Published in final edited form as: Am J Sports Med. 2021 Jan 7;49(2):404–409. doi: 10.1177/0363546520981569

Distribution of bone contusion patterns in acute non-contact ACL torn knees

Sophia Y Kim-Wang 1,2, Melissa B Scribani 3, Michael B Whiteside 4, Louis E DeFrate 1,2,5, Tally E Lassiter 1, Jocelyn R Wittstein 1
PMCID: PMC8214466  NIHMSID: NIHMS1710039  PMID: 33411563

Abstract

Background:

Bone contusions are commonly observed on magnetic resonance images (MRIs) in individuals who have sustained a non-contact anterior cruciate ligament (ACL) injury. Time from injury to image acquisition affects the ability to visualize these bone contusions, as contusions resolve with time.

Purpose:

To quantify the number of bone contusions and their locations (lateral tibial plateau (LTP), lateral femoral condyle (LFC), medial tibial plateau (MTP), and medial femoral condyle (MFC)) observed on MRIs of non-contact ACL injured knees acquired within 6 weeks of injury.

Study Design:

Descriptive laboratory study

Methods:

We retrospectively reviewed clinic notes, operative notes, and imaging of 136 subjects undergoing ACL reconstruction. The following exclusion criteria were applied: MRIs acquired beyond 6 weeks post-injury, contact ACL injury, and prior knee trauma. Fat-suppressed fast spin-echo T2-weighted MRIs were reviewed by a blinded musculoskeletal radiologist. The number of contusions and their locations (LTP, LFC, MTP, and MFC) were recorded.

Results:

Contusions were observed in 135 of 136 subjects. Eight subjects had one contusion (6%), 39 had two (29%), 41 had three (30%), and 47 had four (35%). The most common contusion patterns within each of these groups were 6 with LTP (75%) for one contusion, 29 with LTP/LFC (74%) for two contusions, 33 with LTP/LFC/MTP (81%) for three contusions, and 47 with LTP/LFC/MTP/MFC (100%) for four contusions. No sex differences were detected in contusion frequency in the four locations (p > 0.05). Among the included subjects, 50 had medial meniscal tears (37%) and 52 had lateral meniscus tears (38%).

Conclusions:

The most common contusion patterns observed were four locations (LTP/LFC/MTP/MFC) and three locations (LTP/LFC/MTP).

Clinical Relevance:

Data quantifying the frequency of different bone contusion patterns may be important to elucidating non-contact ACL injury mechanisms.

INTRODUCTION

The mechanisms leading to non-contact anterior cruciate ligament (ACL) injury have long been debated 5,23,36,37. With the increase in athletic participation of young children and females 24, ACL injury rates have also increased 1,29,52. This injury is a growing public health concern due to its immediate effects 32,38,43, the high cost of treatment 17, and its long-term sequelae, which include the early-onset of osteoarthritis (OA) 2,13,27,39. Currently, treatment options include ACL reconstruction or repair, physical rehabilitation, or both. However, the increased risk of early-onset OA remains regardless of treatment 27,46.
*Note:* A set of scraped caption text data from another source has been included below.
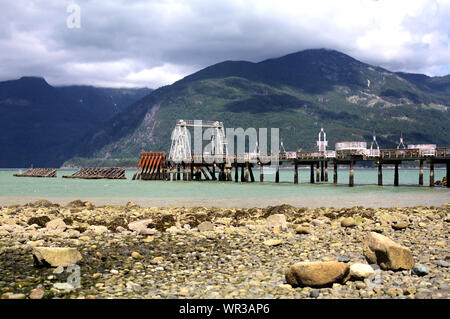 Il vecchio molo Porteau Cove Parco Provinciale in un giorno nuvoloso, con la spiaggia rocciosa, turchese-fiordo di verde e le montagne sullo sfondo Foto Stock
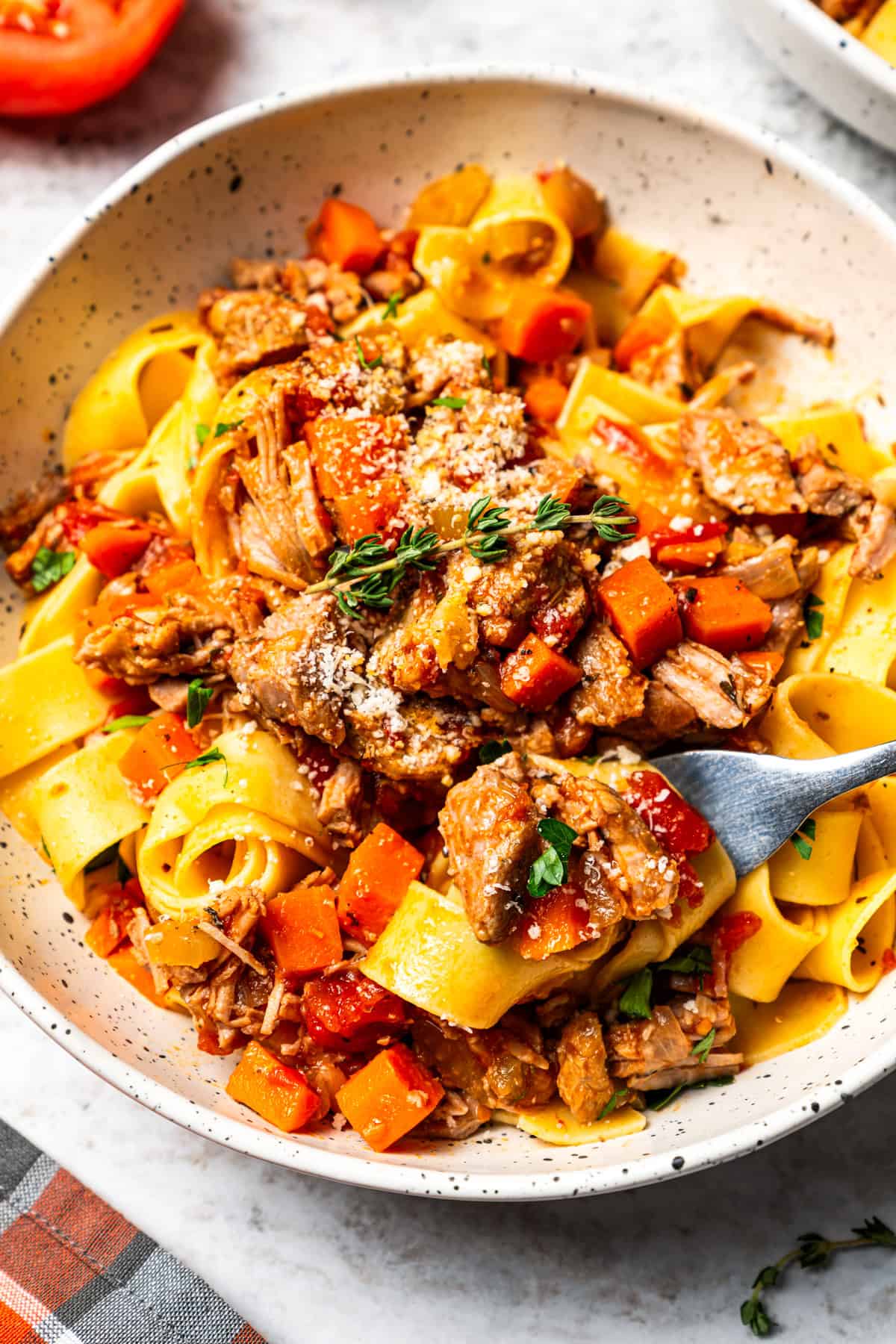 This slow-braised pork ragu recipe cooks for hours in the oven until fall-apart tender and ready to shred into a rich, flavorful meat sauce. A bowl of pappardelle tossed with homemade pork ragu, garnished with Parmesan and fresh thyme.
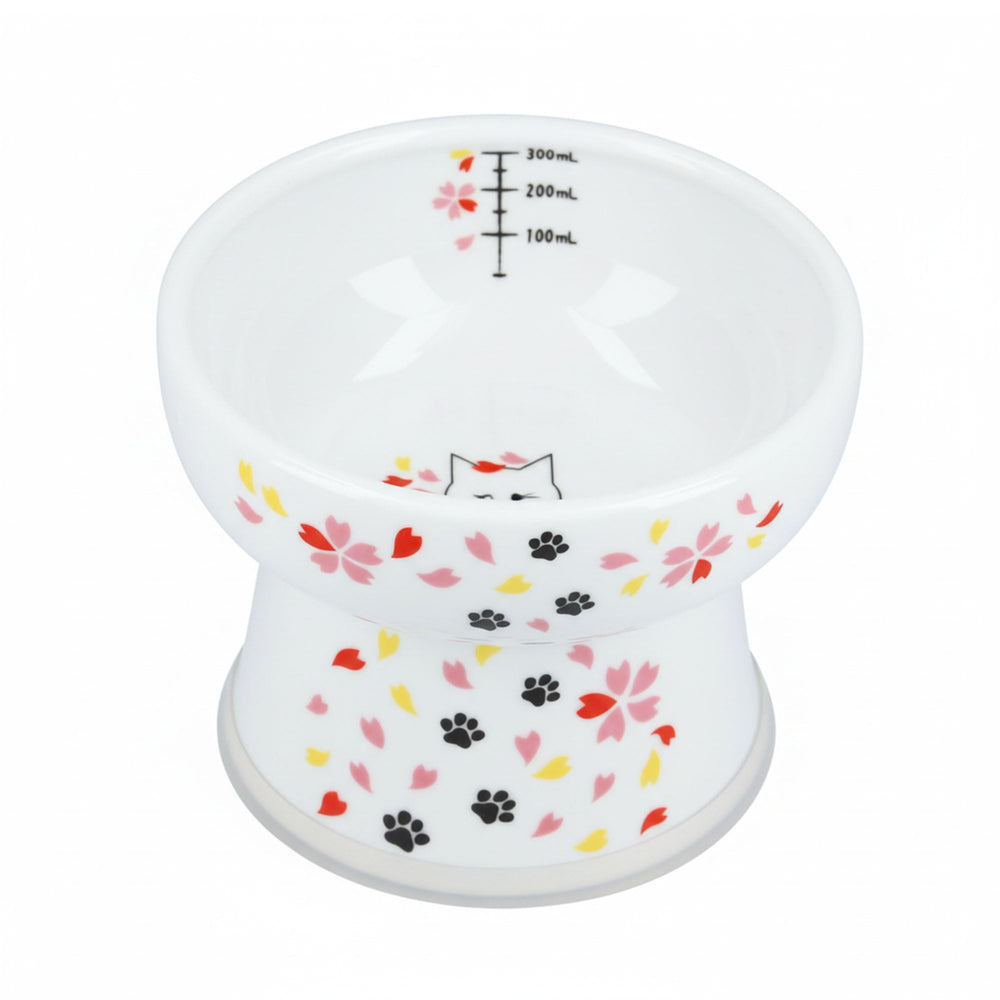 Necoichi elevated ceramic cat water bowl shown with Sakura floral design for comfortable drinking.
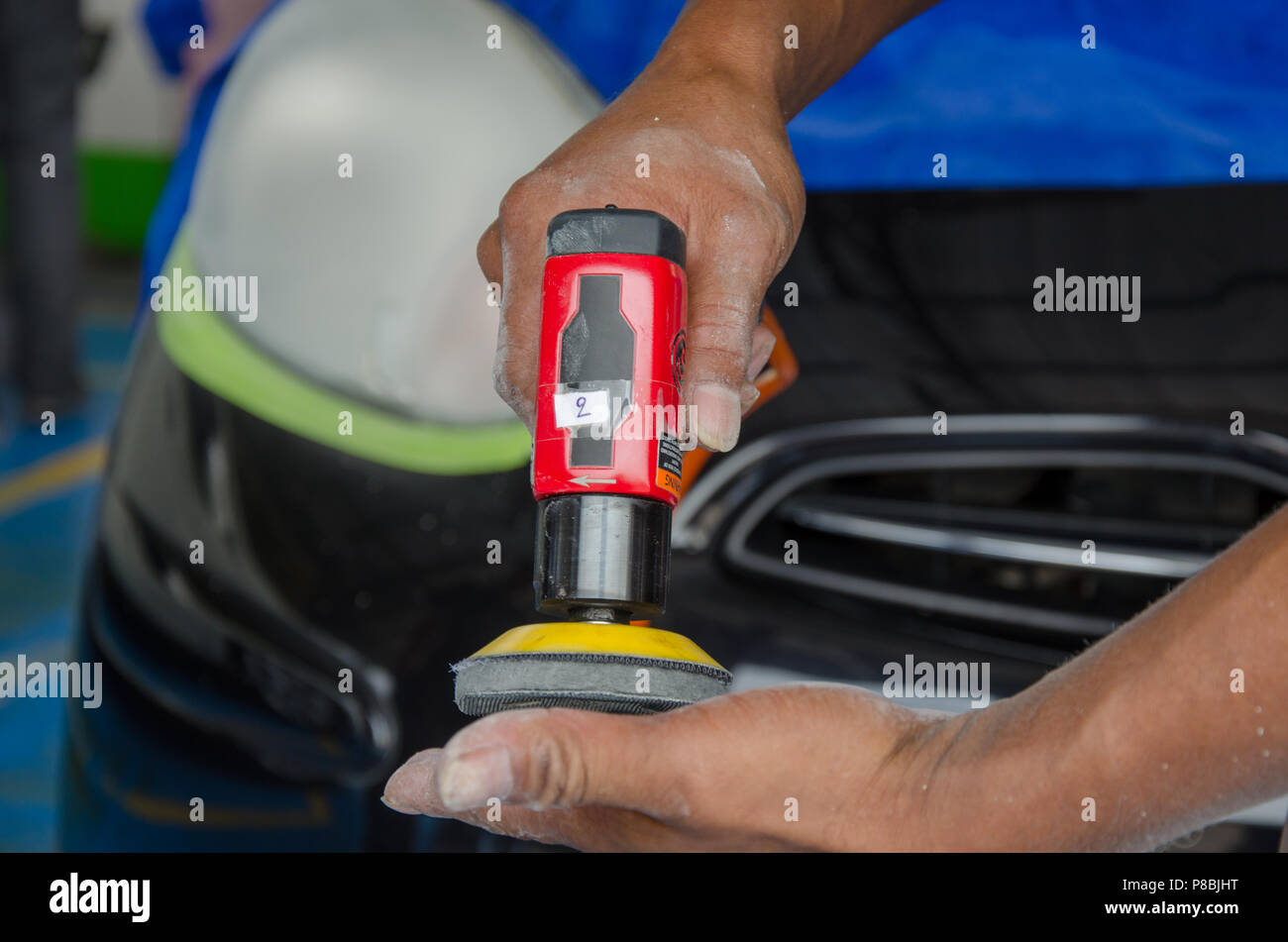 Mann hält eine poliermaschine Auto Scheinwerfer Stockfotografie - Alamy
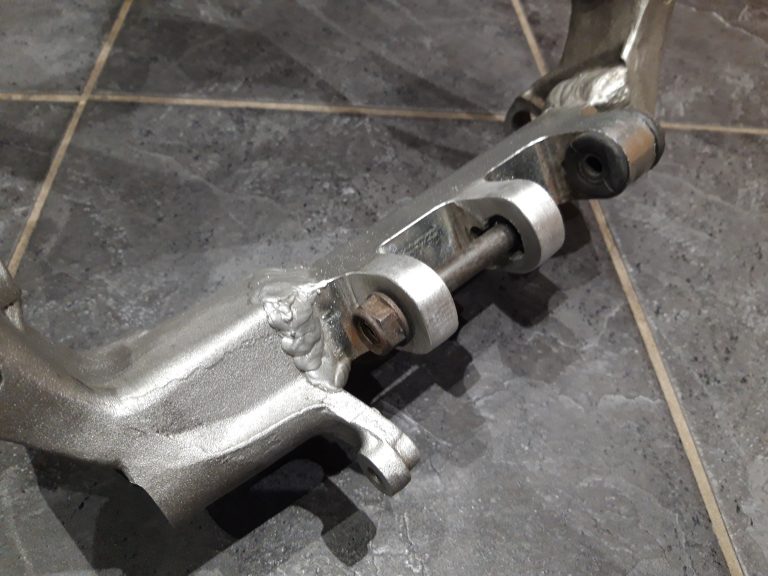 A close-up view of a metal mechanical part with welded joints and a rusted bolt, placed on a tiled floor.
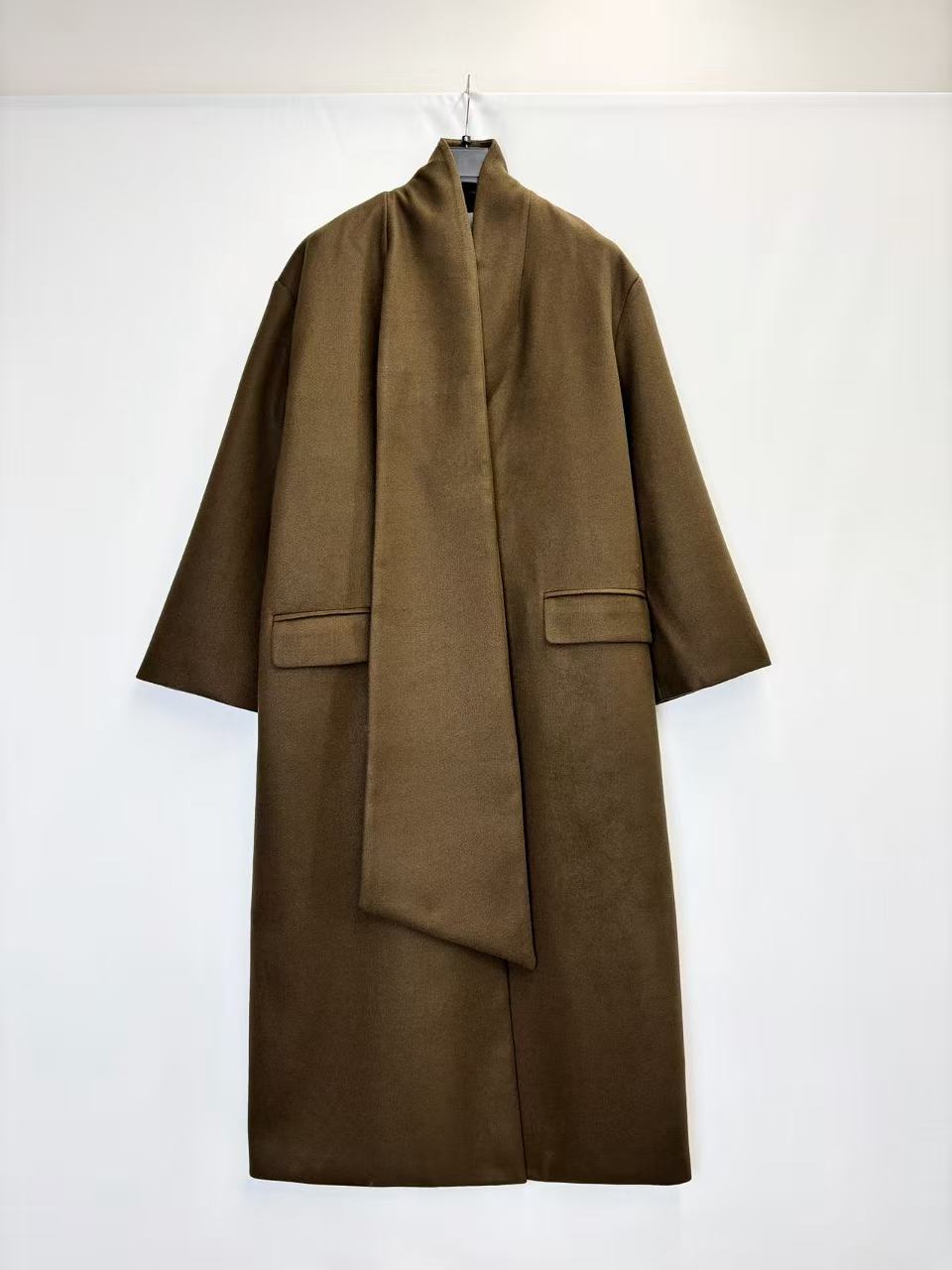 Coat with decorative scarf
Although approximately $100 million is spent annually on prevention research 24, ACL injury rates remain high 1,52. The efficacy of prevention programs may be improved by better understanding the mechanisms of injury, which remain controversial. For example, valgus collapse is thought to be a main contributor to non-contact ACL injuries 6,18,19,23. However, another theory for how ACL injuries occur is landing on an extended knee 9,22,34. As strain in the ACL increases with knee extension 9,10,14, landing on an extended knee may put the ACL at high risk of rupture. Another mechanism of injury known as the contrecoup mechanism 21 has also been proposed. This mechanism involves anterior translation as the femur rotates externally, with the posterior aspect of the lateral tibial plateau making contact with the midportion of the lateral femoral condyle. The countercoup impact then occurs as the knee reduces and the medial compartments of the femur and tibia make contact 21. It is evident from the literature that there are a number of theories describing the non-contact injury mechanism, and it is possible that there may be more than one mechanism. Thus, it is imperative that more research is conducted to elucidate these injury mechanisms to improve prevention programs.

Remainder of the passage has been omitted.